I wanted them for a long time and after hearing mixed reviews I finally decided to get them and I've loved them more than I imagined I would. It's nice when it works out like that.

Thanks again for your wonderful compliment. :thumb:


----------



## bulldogg7 (Mar 3, 2003)

What an F-BOMB!
Some great shots, the more the merrier IMO.


----------



## jh82 (Oct 26, 2007)

Great pics! What type of lighting do you have on the tank?


----------



## swim lil fishy swim (Jan 17, 2009)

bulldogg7 said:


> Some great shots, the more the merrier IMO.


Thank you very much for the compliment. :wink:



jh82 said:


> Great pics! What type of lighting do you have on the tank?


Thank you very much. :wink:

Believe it or not, it's just a standard strip light with the standard bulb. From what I had read "subdued" lighting was best for these guys, so I tried the norm first before I went with a fancy tube or fixture and it worked out good.


----------



## fmueller (Jan 11, 2004)

Hi Mike,

Your fish are awesome and your pictures are very good. I assumed that you were posting in the photography section to get some suggestions how to further improve your photography. If that is not the case, and you just want people to post meaningless comments like 'WOW!' or "Awesome!", then please ignore my suggestion.

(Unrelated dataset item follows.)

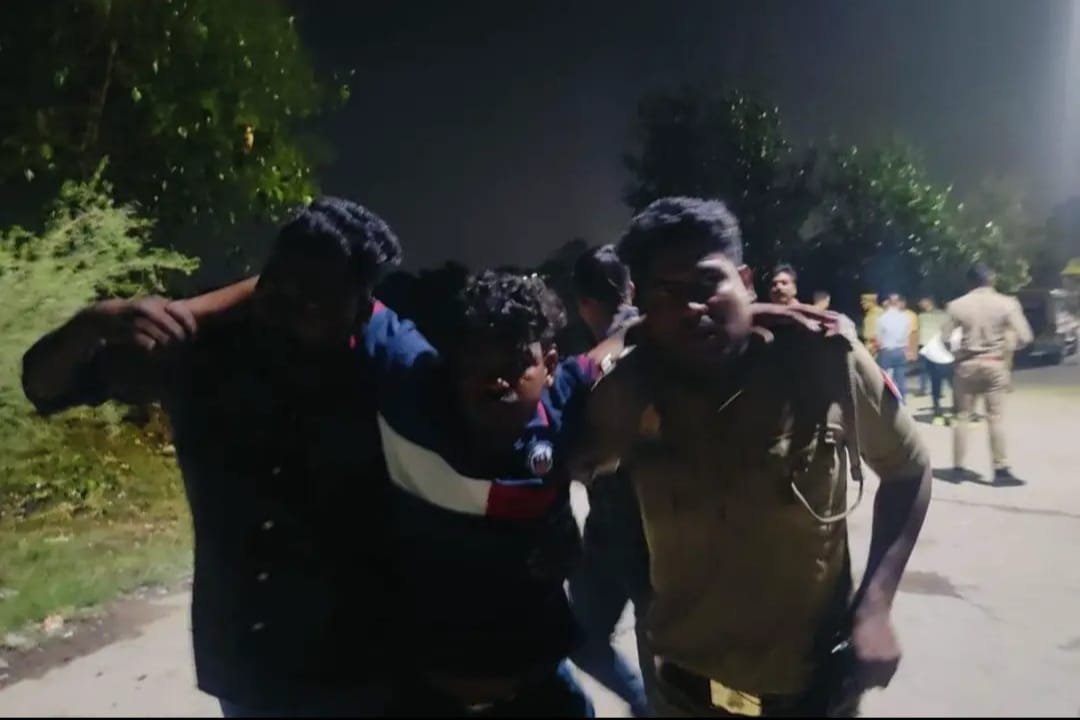 लखनऊ में छात्रा और भाई पर एसिड फेंकने वाले शोहदे को पुलिस ने पैर में मारी गोली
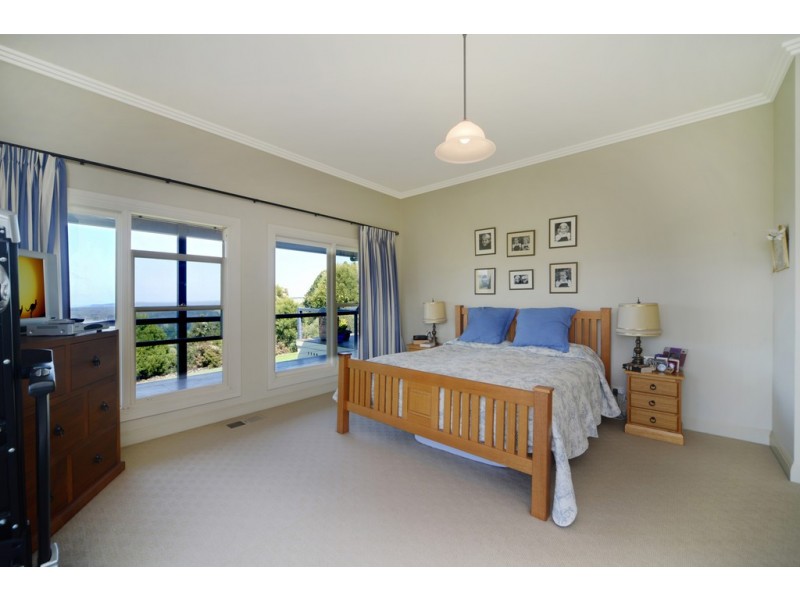 57 Charlotte Street, Robertson NSW 2577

Again, your pictures are very good, but some of your pictures are clearly better than the others. All are sharp and have excellent colors, but some of part of a heater, filter or pipe in the frame. Why post those when you have almost identical shots that don't suffer from those distractions?

IMHO, you don't want to share all of your photos, but only the very best. I believe this is the key to success all great photographers have used, and with digital photography we can all afford to select the best pictures now, which was cost prohibitive for many, including myself, with film.

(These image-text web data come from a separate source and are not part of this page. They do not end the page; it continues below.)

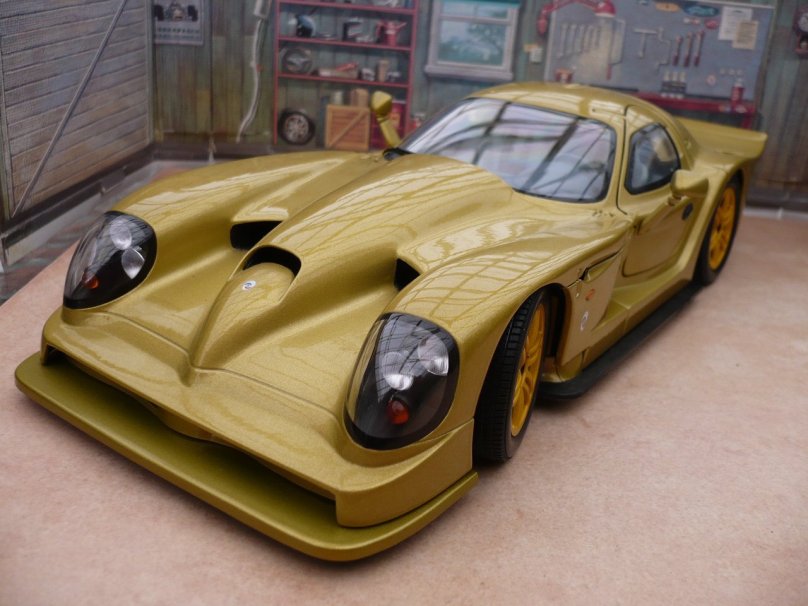 Panoz GTR-1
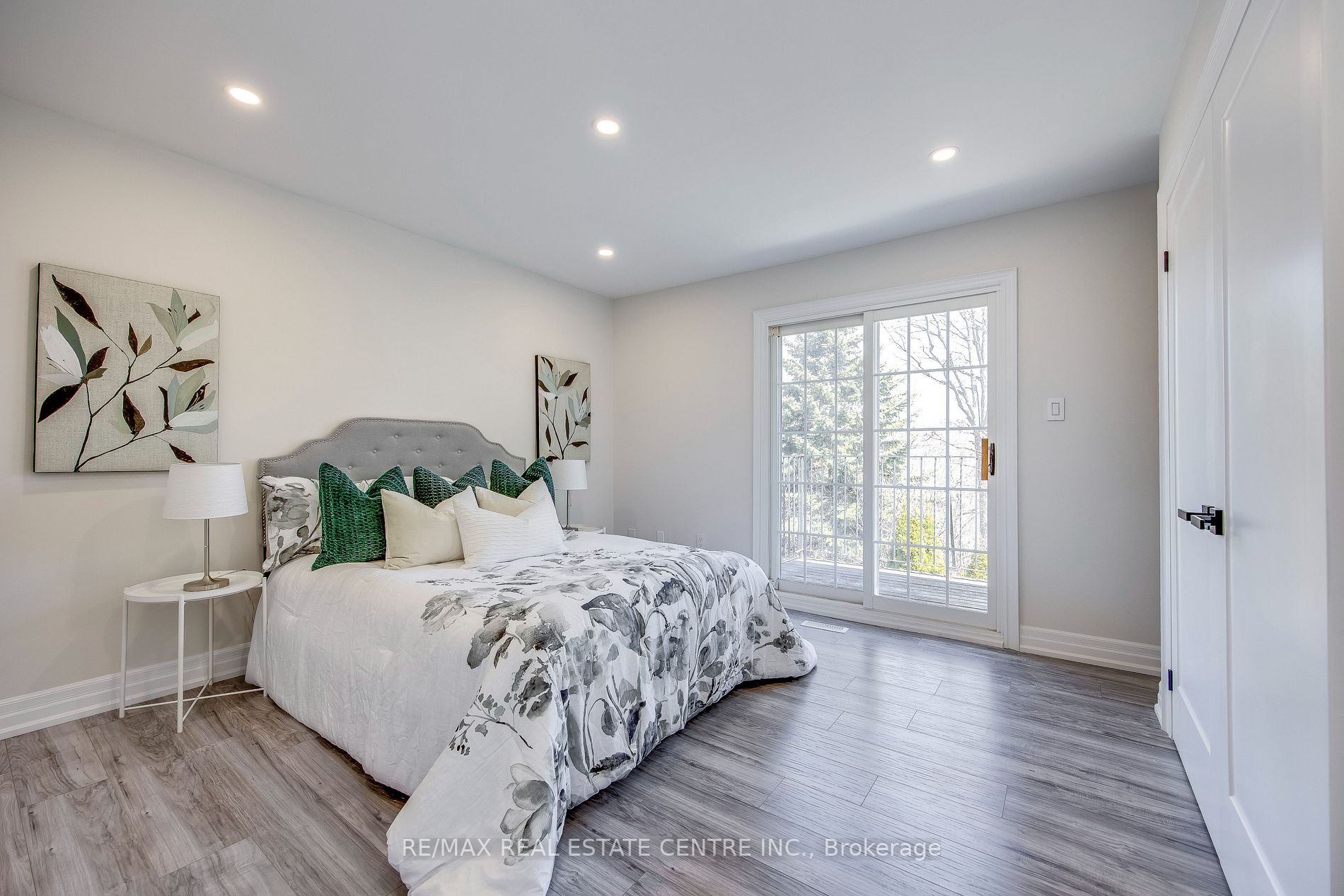 1176 Jamesway Blvd, #22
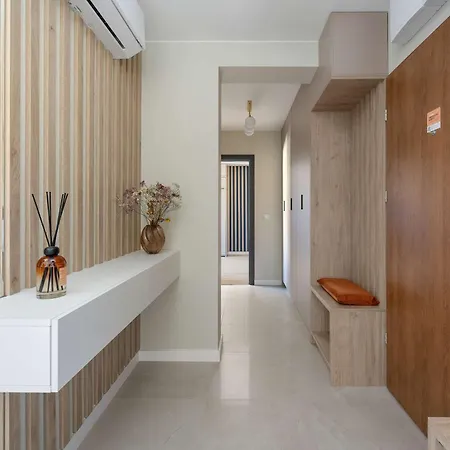 Family With Balcony, Air Conditioning And Parking By Renters Prestige Διαμέρισμα *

My comment was truly meant to be helpful. I am very sorry if it offended you.

Greetings

Frank


----------



## swim lil fishy swim (Jan 17, 2009)

I would rather hear "that's a beautiful fish, I'll have to find some for my tank".

That's what it's all about for me, I wouldn't have gotten these guys if I hadn't first seen a picture of them. 

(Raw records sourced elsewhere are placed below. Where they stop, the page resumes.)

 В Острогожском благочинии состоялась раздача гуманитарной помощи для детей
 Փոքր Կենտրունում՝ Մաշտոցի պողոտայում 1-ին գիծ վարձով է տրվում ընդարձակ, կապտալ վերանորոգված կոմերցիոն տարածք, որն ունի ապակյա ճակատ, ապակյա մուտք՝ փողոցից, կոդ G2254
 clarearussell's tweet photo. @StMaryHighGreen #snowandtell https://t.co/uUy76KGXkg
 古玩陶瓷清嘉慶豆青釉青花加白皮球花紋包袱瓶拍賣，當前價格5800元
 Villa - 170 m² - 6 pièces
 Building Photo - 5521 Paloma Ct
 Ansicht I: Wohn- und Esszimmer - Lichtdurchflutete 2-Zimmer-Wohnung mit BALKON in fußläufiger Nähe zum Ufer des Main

I figure the more pictures I post, the better the chance that I will brainwash them into becoming Tang keepers, and it's working :thumb:


----------



## fmueller (Jan 11, 2004)

They are some beautiful fish, and I already have Paracyps in a tank here in Ohio. I even bought some for my Dad when I was last back in Germany, and he greatly enjoys them as well. The vexing this is that he's had a holding female recently and I haven't yet. But be that as it may, Lake Tang cichlids rule :thumb:


----------



## Multies (Mar 9, 2007)

Are you Saturating your pics?


----------



## swim lil fishy swim (Jan 17, 2009)

Multies said:


> Are you Saturating your pics?


Not sure what you're talking about to be honest. :-?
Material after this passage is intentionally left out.